To Leone, Morricone’s music was “indispensable, because my films could practically be silent movies, the dialogue counts for relatively little, and so the music underlines actions and feelings more than the dialogue”. Morricone’s distinctive score graced A Fistful of Dollars (1964), For A Few Dollars More (1965) and The Good, The Bad and the Ugly (1966), all of which starred Clint Eastwood. With dialogue stripped to the bare essentials, and with much tension to convey, Morricone’s score rose to the challenge magnificently. There were whipcracks, bells, Italian folk instruments and electric guitar rifts; these may have stemmed from Morricone’s research into the American composer, John Cage, “and the idea that all sounds can belong to the realm of music”.
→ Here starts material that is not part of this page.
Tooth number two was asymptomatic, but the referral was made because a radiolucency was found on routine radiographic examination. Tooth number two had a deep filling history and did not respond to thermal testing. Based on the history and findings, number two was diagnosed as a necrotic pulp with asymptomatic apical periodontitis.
As the film composer, Hans Zimmer, put it, Morricone brought the electric guitar to the western. The instrument was, of course, completely anachronistic, “but somehow Ennio did it so committedly that nobody ever questioned it ... He needed that sound to show the grit and the machismo of the characters”.

It was Morricone’s score for Leone’s Once Upon a Time in the West (1968) that inspired Zimmer, than aged just 12, onto his own career path as a film composer.
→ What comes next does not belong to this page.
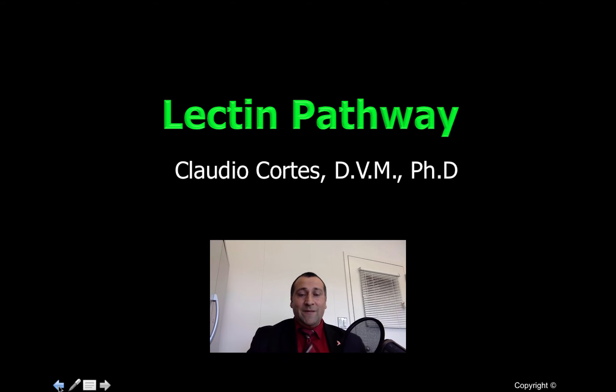Hello, everyone. My name is Claudio Cortes, and this video is about the lectin pathway of the complement system.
Ennio Morricone was born in Rome on November 10, 1928. His first musical instrument was the trumpet and in 1946 he received his diploma at the Conservatorio di Santa Cecilia under the guidance of the composer Goffredo Petrassi. He wrote his first concert works in the late1950s then worked as an arranger for RAI, the Italian broadcasting company, and RCA-Italy.

In 1961 he produced his first film score, Il Federale, directed by Luciano Salce. For the next few years he contributed to other Italian projects, but it was his work for A Fistful of Dollars that brought him to international attention. He and the director had first met as children, at elementary school.

In 1965 Morricone joined an improvisational group, Nuova Consonanza, while continuing his prodigious work as a film composer. He worked with such noted directors as Pier Paolo Pasolini, Lina Wertmuller, Bernardo Bertolucci, Roman Polanski, Terrence Malick, Adrian Lyne, Oliver Stone and Pedro Almodovar, all in addition to the directors noted above. His film projects also included Gillo Pontecorvo’s award-winning The Battle of Algiers (1966) and Bugsy (1991, by Barry Levinson).

In 2007 Clint Eastwood presented him with an honorary Oscar; Morricone walked onto the stage to a sustained ovation from the audience. Looking emotional, he spoke in Italian, with Eastwood translating; he thanked the Academy and expressed his deep gratitude to all the directors who had shown faith in him, and without whom he would not be on that stage. He also said his thoughts went out to all the talented artists who had never received the honour.

Morricone wrote numerous classical works, including a cantata he wrote in response to the 9/11 terror attacks. Starting in 2001 he conducted his film and orchestral pieces in more than 100 concerts across Europe, Asia, the US, and Central and South America. He embarked on another lengthy concert tour a few years ago. His many awards included five BAFTAs, six Oscar nominations (he won for the last of these, for The Hateful Eight), a Grammy, three Golden Globes; in 2009 the French President, Nicolas Sarkozy, appointed him to the rank of Knight in the Order of the Legion of Honour.

Morricone, who is survived by his wife, Maria Travia, and their four children, died in a Rome clinic, where he had been taken after fracturing his hip in a fall. Italy’s Prime Minister, Giuseppe Conte, tweeted a tribute to Morricone’s “artistic genius” which, he said, “made us dream, feel excited, reflect, writing memorable notes that will remain indelible in the history of music and cinema”.